Пироги скользили по Огове, привозя больных. Когда-то женщины боялись рожать в больнице, и Швейцер придумал премию для рожениц — чепчик и платьице. Теперь авторитет больницы был настолько высок, что премии были не нужны. Молодые матери охотно доверялась Старому Доктору и его «сыновьям».
— Когда я вижу, как девочки, которые родились здесь, приезжают снова в больницу, чтобы рожать, только тогда я чувствую, что становлюсь старым, — говорил Швейцер.
Он ходил по больничному городку и плантациям, как старый фермер, который сам все это построил, сам насадил, знает тут каждую каморку, каждый кустик. Заглянув однажды в комнату доктора Фрэнка, он любовно погладил балки, как бы радуясь их крепости. И молодой дантист понял, что для Швейцера это не просто тесная комнатушка, это творение его рук.
Жизнь его текла давно заведенным порядком. Это соблюдение обычаев и традиций, «ритуал» обедов, именинных празднеств, проводов, встреч помогали Старому Доктору поддерживать в больнице строгий порядок и добрую атмосферу, несмотря на то, что персонал здесь все время менялся.
После ужина, когда в столовой стихали разговоры, Швейцер тяжело поднимался с места и шел к старенькому пианино (хотя в углу давно уже стояло еще одно, новое). Раздавали сборники гимнов, Швейцер называл номер гимна и импровизировал вступление, каждый вечер по-новому — в стиле XVIII века, в классическом или романтическом стиле. Пианино было расстроено, но он был привязан к нему, как был привязан ко всем старым больничным вещам, и предпочитал лучше обойти немые клавиши, чем сесть за новое пианино, на котором бренчали сестры.

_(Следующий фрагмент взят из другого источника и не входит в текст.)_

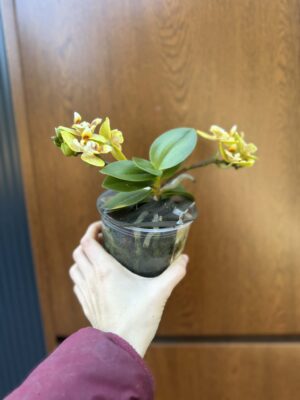 Phalaenopsis (Yaphon Perfume × Brother Sara Gold) ‘Yaphon ES-1’ | Storczyk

После музыкального вступления все вместе пели гимны. В пении этом было просто размышление, тоска по далекой родине или по далеким временам духовных поисков человечества.
Швейцер спокойно и деловито читал главу из библии, а потом комментировал ее, приводя отрывки из раннехристианских произведений, которые делали яснее контекст только что прочитанной главы.

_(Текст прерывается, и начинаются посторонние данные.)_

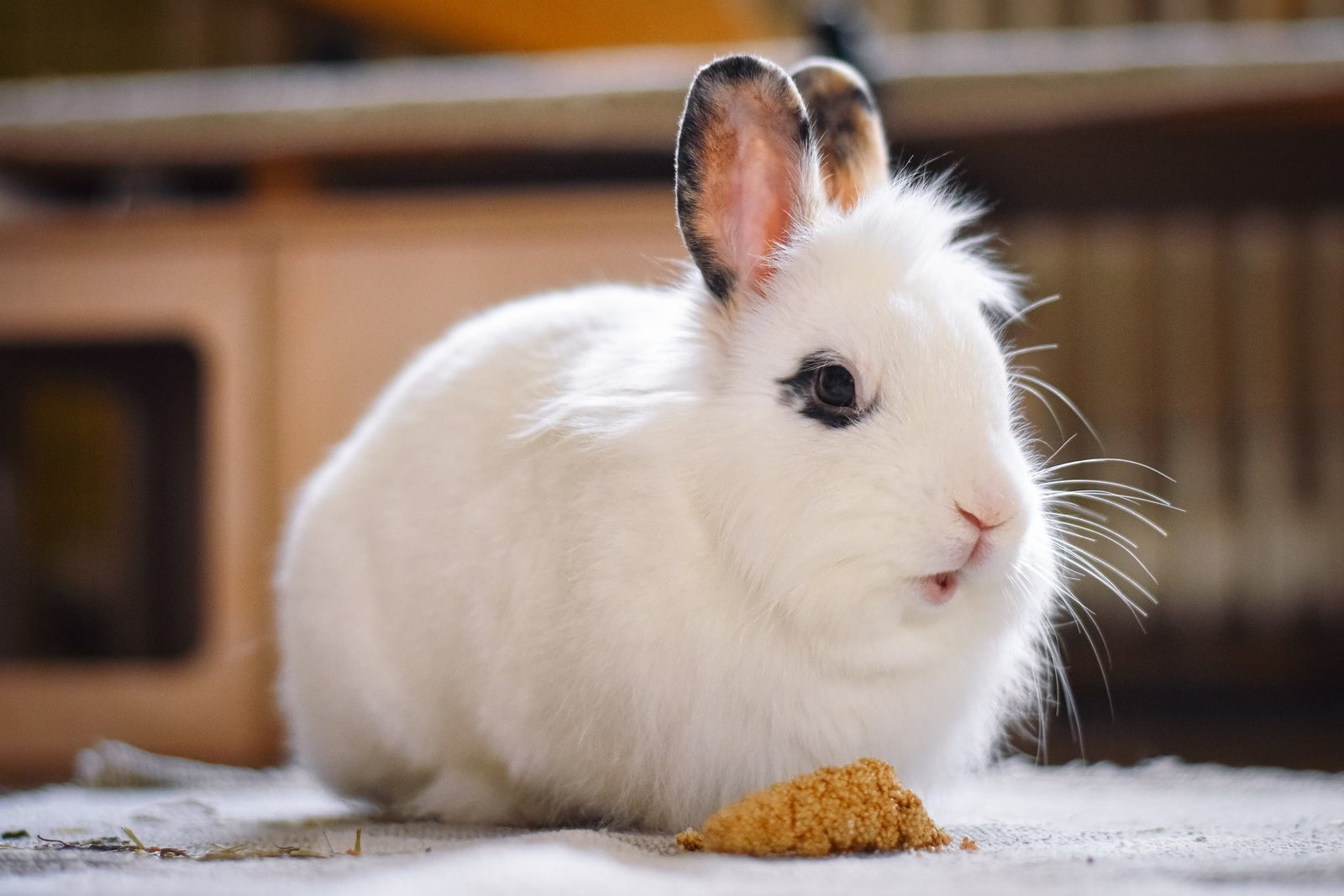 Raising Rabbits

...Швейцер читал отрывки из старинных книг до тех пор, пока часы с кукушкой не прерывали удивительную лекцию ученого-философа. Тогда доктор закрывал книгу и выходил с керосиновой лампой в руке. А через несколько минут в ночных джунглях уже слышались звуки баховской фуги: он упражнялся на своем пианино с органными педалями.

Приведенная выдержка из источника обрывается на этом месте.